National Tea Party groups were dealt a surprise blow Tuesday night when Rep. James Lankford bested T.W. Shannon outright in the Republican primary for U.S. Senate in Oklahoma, denying the GOP a chance for its second African-American senator.
Anti-establishment Beltway conservative groups such as the Tea Party Patriots and Senate Conservatives Fund had lined up behind Shannon, a half-black, half-Chickasaw politician who had risen to become the youngest-ever speaker of the state House in Sooner State history.
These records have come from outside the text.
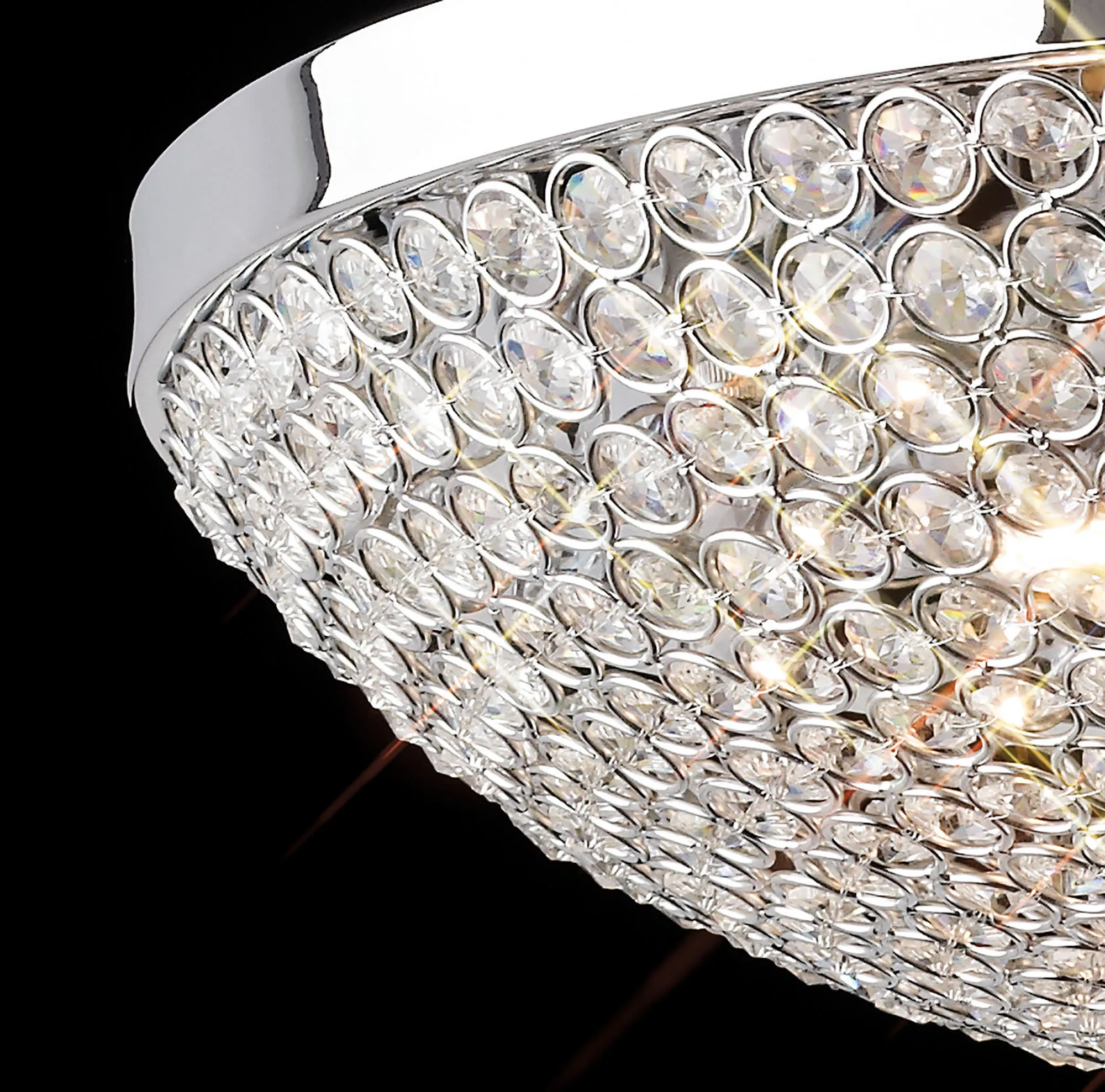 Ava Crystal  Flush Ceiling 4 Light Polished Chrome IL30187  Diyas Ava Polished Chrome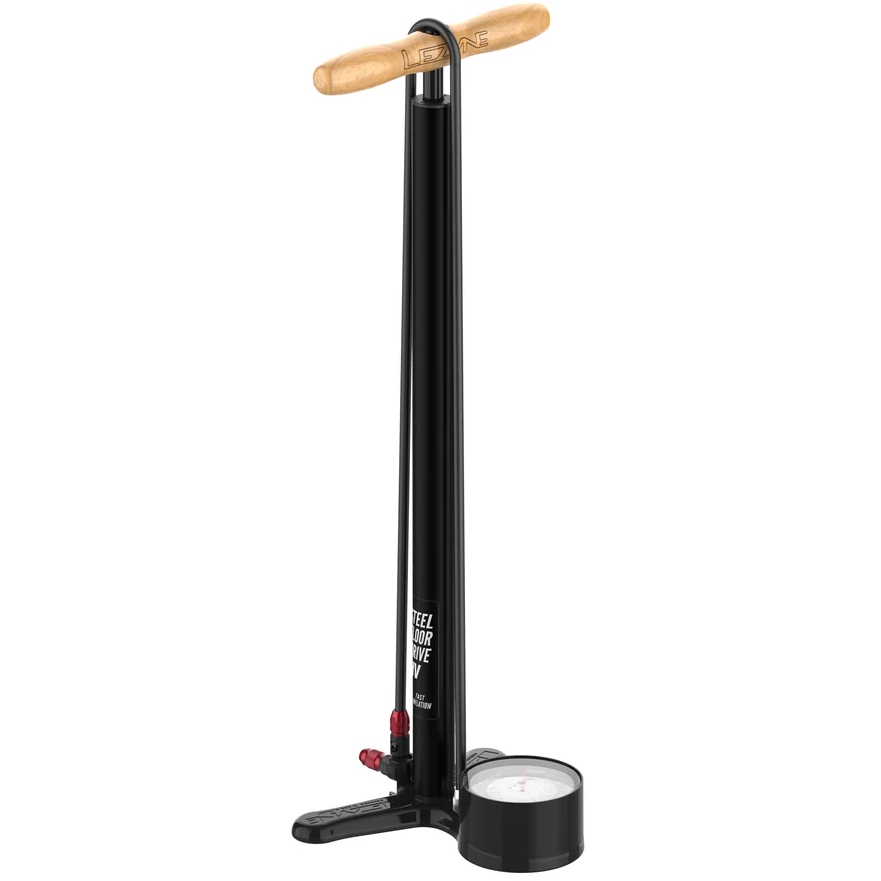Напольный насос Lezyne Steel HV с напольным приводом - черный матовый black matt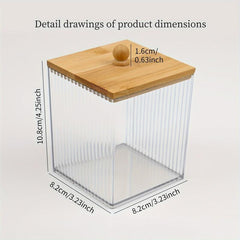 Bamboo Lid Desktop Storage Box Set Acrylic Golden Embellished Textured Office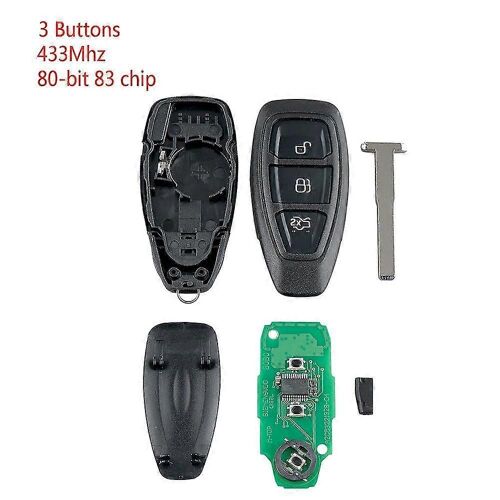 Voiture Smart Remote Key 3 Boutons Fit Pour Ford Focus C-Max Mondeo Kuga Fiesta B-Max 433mhz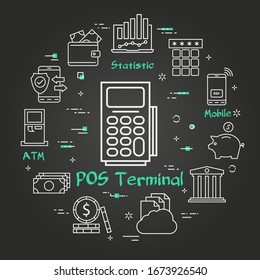 Vector black finance and banking concept - POS terminal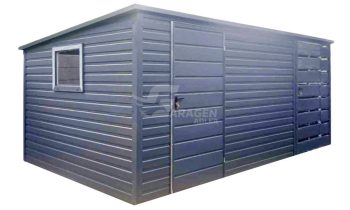 Gartenhaus - Gartenschuppen 4x2,5m + Überdachung 1,5m - 2x Tür - PVC Kippfenster - Anthrazit - Flachdach | GP435 |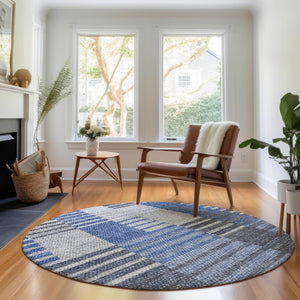 HomeRoots 8' Blue Ivory and Gray Striped Round Rug - Washable, UV Protected, Durable for Indoor & Outdoor Use 656247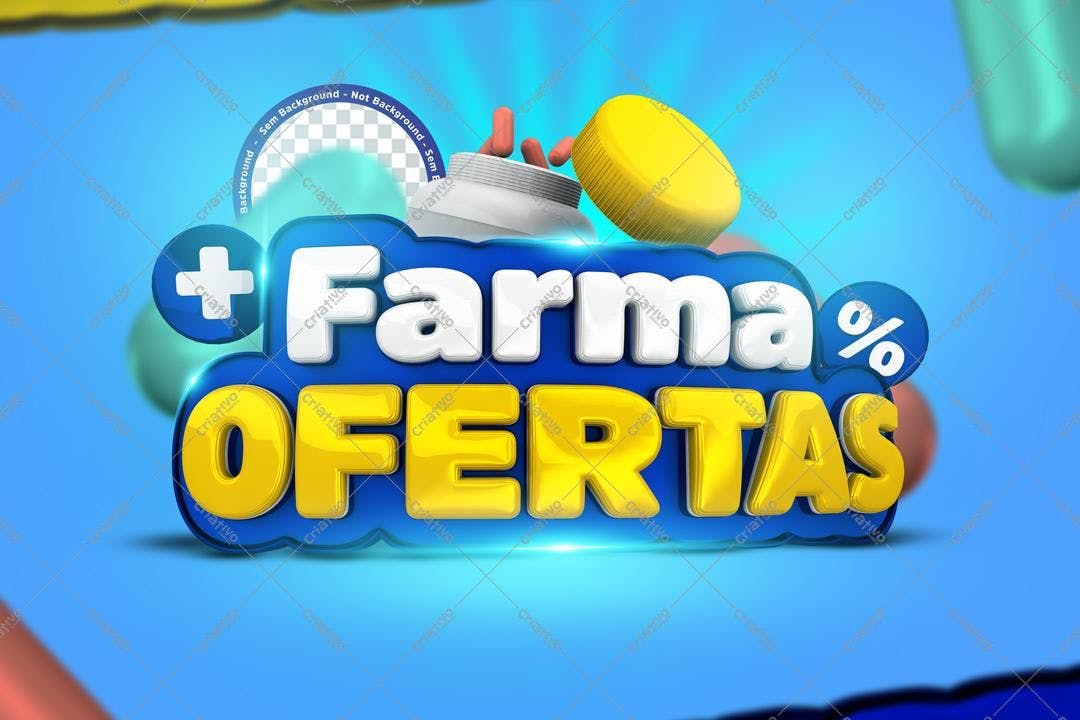 Selo 3D promocional Farma Ofertas azul e amarelo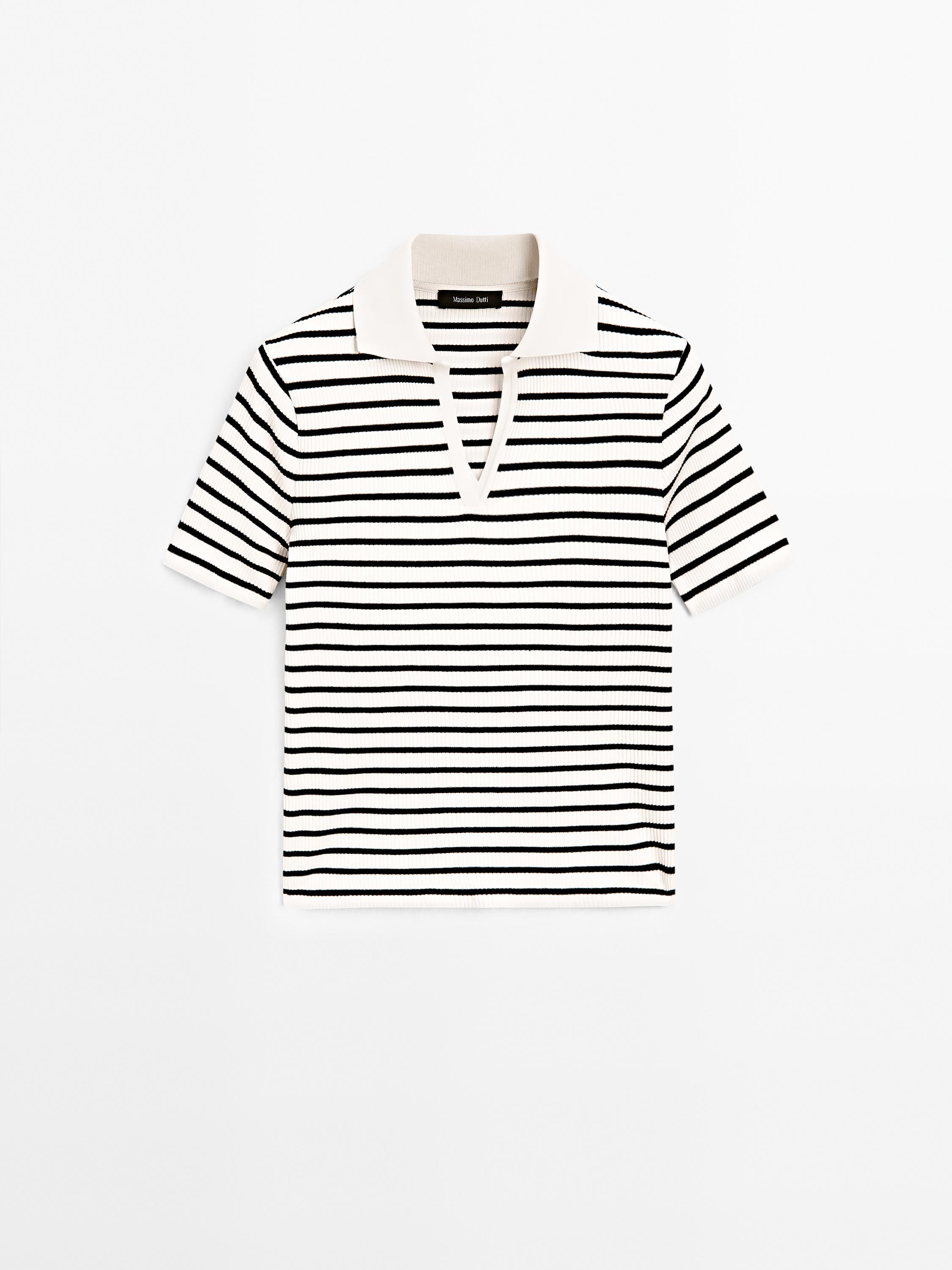 T-shirt polo à rayures en coton mélangé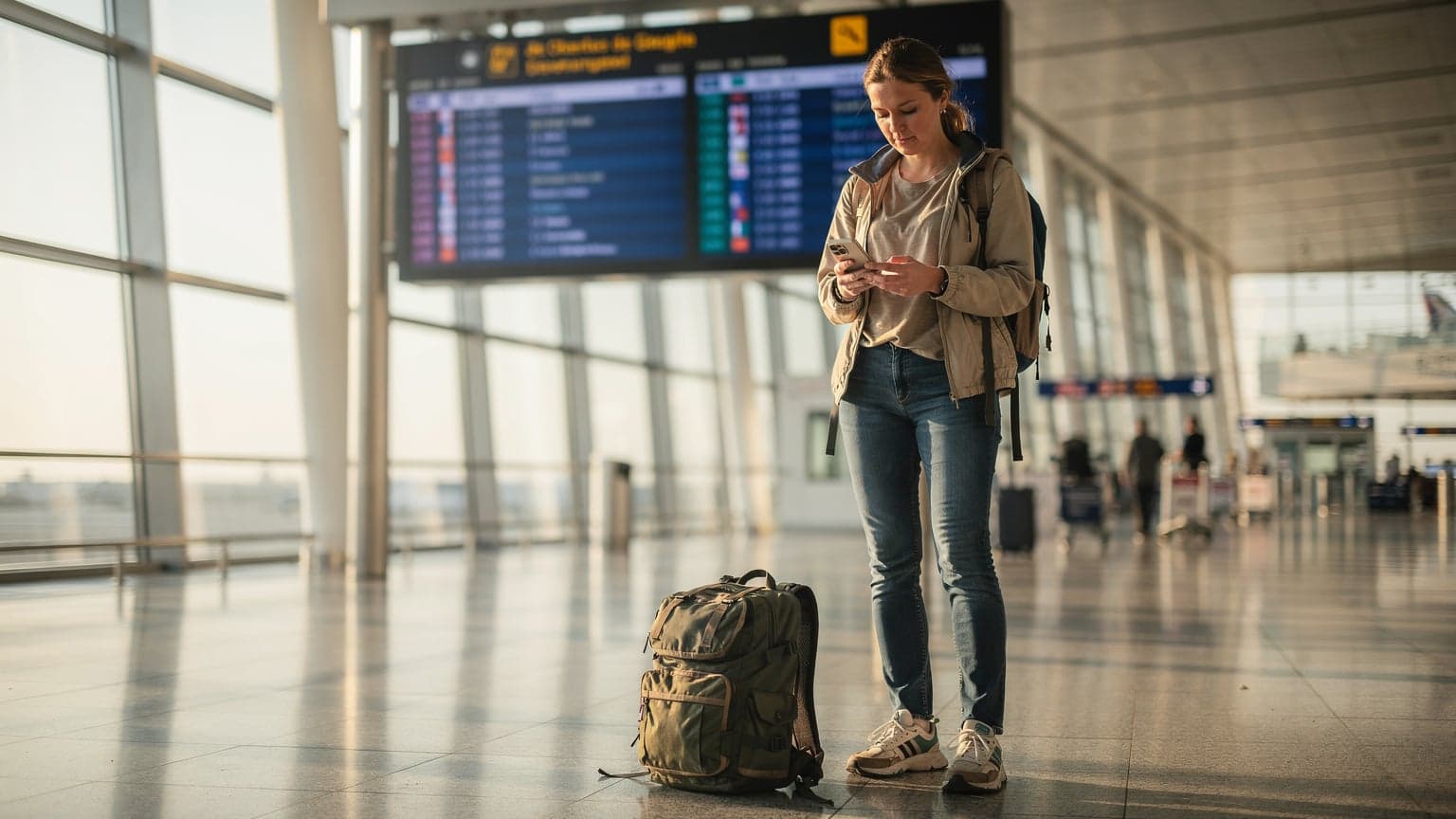Une voyageuse française, sac à dos à ses pieds, consulte son téléphone avec une expression de satisfaction devant le tableau des départs à l'aéroport de Paris Charles de Gaulle un matin d'hiver, la lumière du soleil filtrant par les grandes baies vitrées.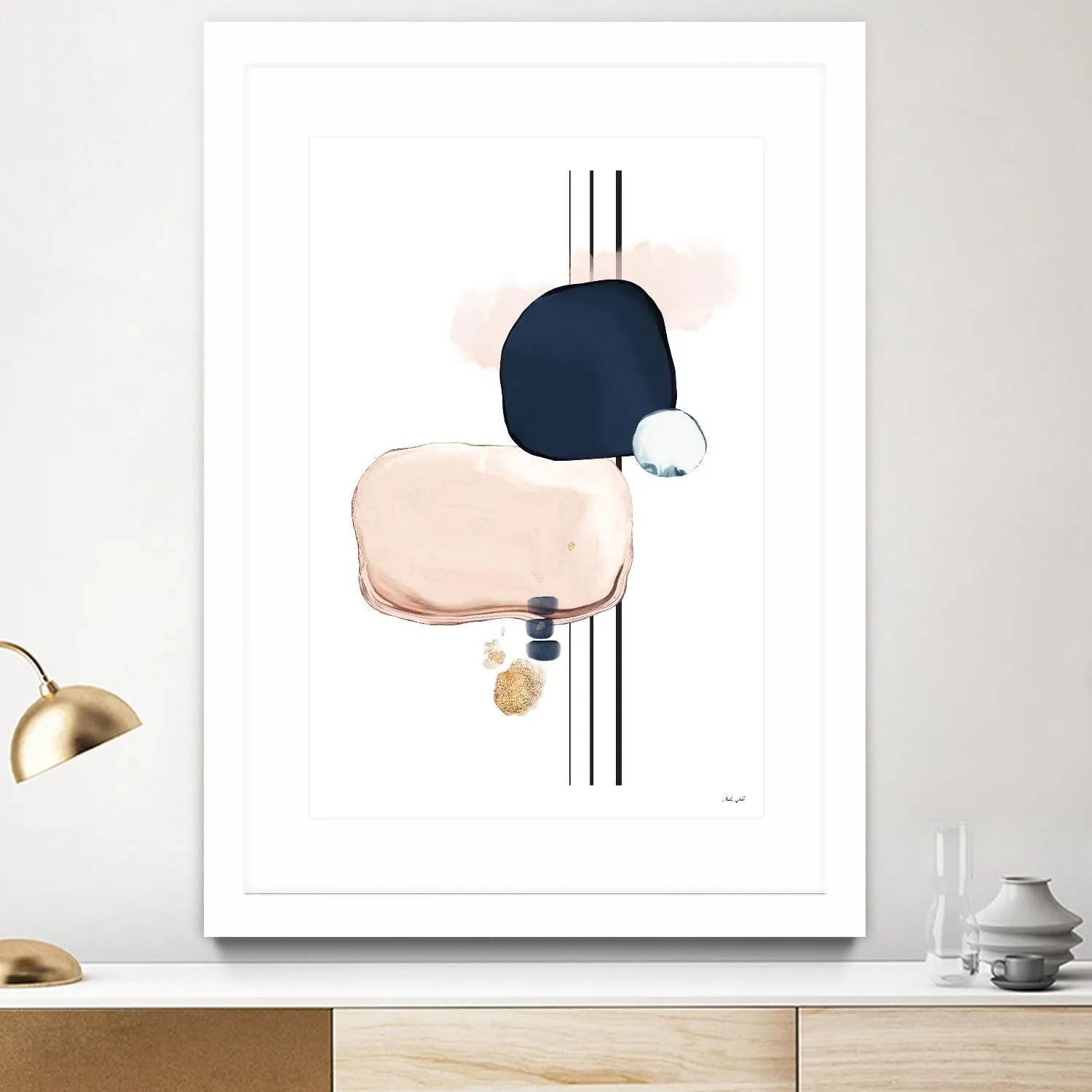 Abstract Study Blush and Navy Blue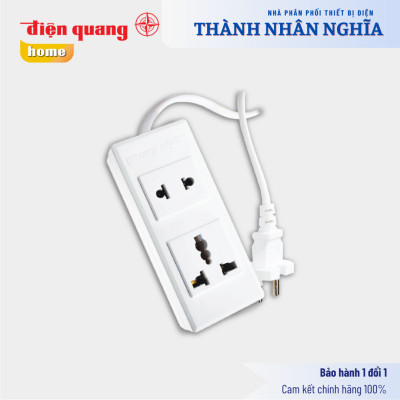 Ổ cắm Điện Quang ĐQ 001A-02 ( 2 lỗ ) dây 2m - Bảo hành 12 tháng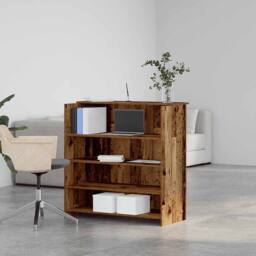 Berkfield Home Reception Desk Old Wood 100x50x103.5 cm Engineered Wood in Brown - thumbnail 1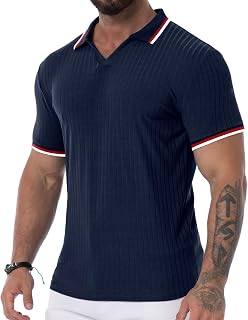 Men's Muscle Polo Shirts V Neck Slim Fit Ribbed T Shirts Short/Long Sleeve Golf Collar Shirt Knit Casual Tee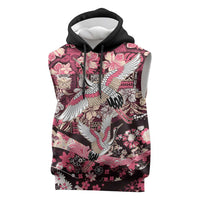 Japanese Hawaiian Crane Sleeveless Hoodie Soft Pink Tapa Patchwork Pattern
Prominent conservatives including former reality star Sarah Palin and Sen. Ted Cruz also endorsed Shannon, who if elected would have joined Tim Scott of South Carolina as the second black Republican senator and become an important new face for Republican outreach to minority groups.
But all the national attention may have worked against Shannon. Local Tea Party groups viewed his prominent endorsements with suspicion and may have thought Shannon’s out-of-state support would hinder him from being an effective representative for Oklahoma.
“Tom Coburn has exercised a lot more influence on the race than anyone has actually realized.”
“That’s why you could have seen some of these grassroots Tea Party votes swing at the last second towards Lankford—they might have had some concerns about Shannon on the national scale,” a senior Oklahoma GOP political aide said Tuesday night. “Oklahomans are not worried about who is loyal to the Tea Party, who is loyal to the Republican Party—they just want someone who was loyal to their state.”
There were few substantial ideological differences between Lankford and Shannon, so the latter’s defeat will be a blow for the Tea Party groups that supported him but not for conservatives hoping for an Oklahoma senator who will reliably conservative.
Lankford, a red-headed two-term congressman, held an edge against Shannon in polling, but the conventional wisdom was that he would not break the 50 percent mark, forcing a runoff between the two in August.
But Lankford defied expectations. On Monday, even his campaign had predicted only a “chance” that he would win outright. With more than 95 percent of precincts reporting, Lankford held a resounding 57.5 percent to 34.3 percent lead over Shannon.
Part of the surprise win may have been the revelation of an investigation of Shannon’s campaign financing. Just days before the primary election, the Oklahoma County district attorney confirmed to a local news outlet that he was reviewing complaints against the state House speaker of coordinating with outside “dark money groups.”
Frank Keating, the former Republican governor of Oklahoma, called the disclosure of the investigation so close to the primary date “regrettable” and suggested it could dampen support for Shannon at a critical point. (Keating didn’t endorse either candidate.)
Another resounding factor was the role Sen. Tom Coburn played in the race. Although the retiring senator was officially neutral, Lankford’s campaign jumped on Coburn’s comment this month that the congressman was a “man of absolute integrity.” The remark was seen by many in Oklahoma as a subtle nod to Lankford.
Oklahoma pollster Bill Shapard, who has conducted a number of surveys on the race for media outlets, told The Daily Beast that the primary had “turned into a what-would-Tom-Coburn-do election” and that Coburn’s comment was tantamount to choosing a successor for his Senate seat.
“Tom Coburn has exercised a lot more influence on the race than anyone has actually realized,” Shapard said.